There are some core values of the gospel that must inform the conscience of a Christian, and the political involvement of a Christian: At the center of these values is the conviction that every human being, without exception, bears the image of God, and every human being, without exception, deserves to be treated at all times with dignity and respect. And if that’s the first and great commandment with respect to Christian political involvement, then the second is like unto it: All human life is sacred, from conception to natural death.

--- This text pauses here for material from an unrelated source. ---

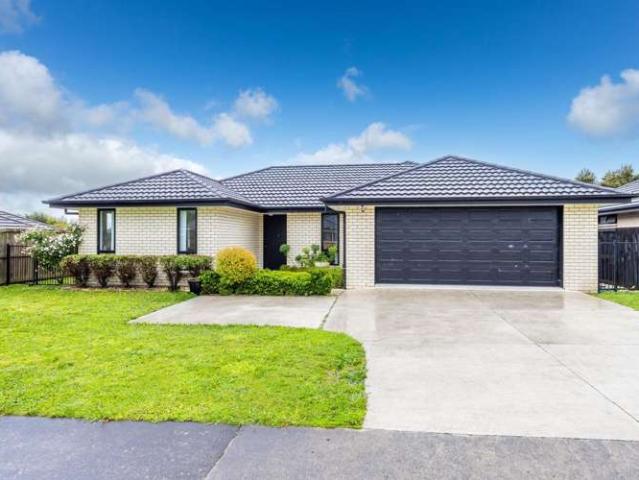 House for sale in Kauwhata, Waikato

This is not a long list, but it covers a lot of territory. So, as you prepare to render to Caesar what belongs to Caesar, and to God what belongs to God, as you consider candidates and public policies, run all your decisions through these filters: Does Candidate X or Policy Y respect the sacredness of human life? Does Candidate X or Policy Y treat every human being with dignity and respect, seeing in them the image of God? If your intended vote comes through those filters intact, cast that vote knowing that you have been a faithful disciple of the Lord Jesus. Amen.